Two years later Catherine is spending more and more time with Edgar which is making Heathcliff madder and madder. One day while Hindley is gone, Edgar comes to visit Catherine and after an argument with Ellen, Catherine tells her that she and Edgar are lovers. Later on, Catherine tells Ellen that she and Edgar are planning to marry, but that she is only doing it to help Heathcliff, whom she really loves, rise back up again. She says she could never marry Heathcliff like he is, uneducated and without any worth. Heathcliff overhears the part of Catherine saying she could never marry him and it breaks his heart so he runs away. Three years later Catherine and Edgar marry. Six months later, Heathcliff arrives back at home and he has made himself a handsome, wealthy man. Catherine is so proud to see him, but not so much Edgar. But, Isabella is very happy to see Heathcliff and Heathcliff doesn't care for Isabella, but decides this is the way to get back at Edgar. Catherine overhears a fight between Edgar and Heathcliff and she sees Isabella and Heathcliff embrace so she locks herself in her room and becomes very ill.
While Catherine is sick, Heathcliff and Isabella elope so Edgar disowns his sister. Heathcliff and Isabella return to live at "Wuthering Heights". Heathcliff sends Ellen to check on Catherine when he finds out she is sick. While Ellen is there Catherine gives birth to a daughter, Cathy, and then she dies. The day after Catherine's funeral, Isabella leaves Heathcliff and moves to south England and she gives birth to a son, Heathcliff's son and his name is Linton. 6 months later Hindley dies. This leaves Heathcliff master of "Wuthering Heights" and the guardian for Hareton.

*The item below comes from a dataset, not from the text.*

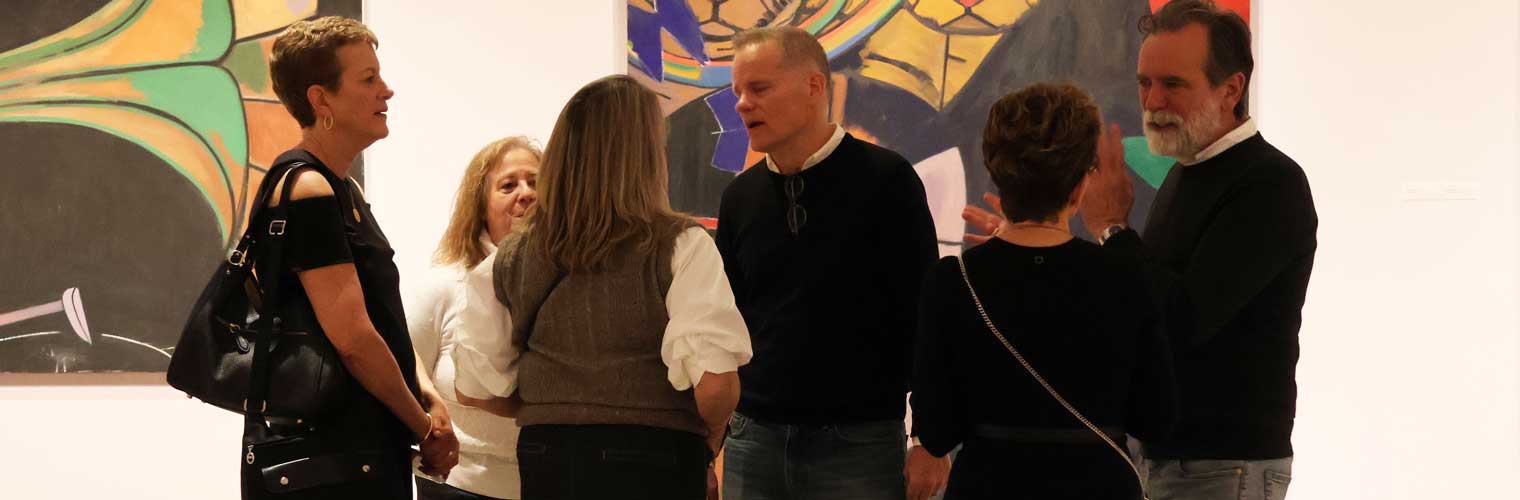 a group of people socializing by modern art, colorful paintings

Cathy meets her cousin Hareton one day and he tells her about "Heights" Edgar returns one day with his nephew Linton, but Heathcliff says his son is to live with him at the "Heights", not the "Grange" with Edgar. Cathy is attracted to Linton, but he is a sickly boy. Heathcliff plans on Cathy and Linton to marry so he would then become owner of "Wuthering Heights" and the "Grange" Three years later Heathcliff holds Ellen and Cathy captive as her father lay dieing at the "Grange" After 5 days of being captive Ellen is released and Linton helps Cathy escape just before her father dies.

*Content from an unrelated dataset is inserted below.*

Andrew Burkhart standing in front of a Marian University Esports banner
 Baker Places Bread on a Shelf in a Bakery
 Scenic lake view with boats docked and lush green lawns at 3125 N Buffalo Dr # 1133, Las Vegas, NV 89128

Cathy marries Linton and tells Ellen she must move into the "Heights" with Heathcliff and Hareton. Linton becomes sick and dies and Hareton tries to be kind and helping to Cathy, but she retreats into herself. Heathcliff is still bitter over never having Catherine as his wife and he becomes mean and uncaring. This is the time when Lockwood arrives at the "Heights", but after hearing Ellen's story of the past he decides to tell Heathcliff he is moving and heading back South.
As you can see, this book is very moving. Some of the language is hard to understand because of the time period, but it is truly a love gone wrong story which trickles down into disaster after disaster.
I believe I agree with Lockwood and I would get the heck outta there too before he gets caught up in this disaster of a tale.
I did love this book and it was a joy to read. I would recommend it to any one who loves a good classic book. I am giving this to my oldest grandaughter so she can begin a collection of great books for her library.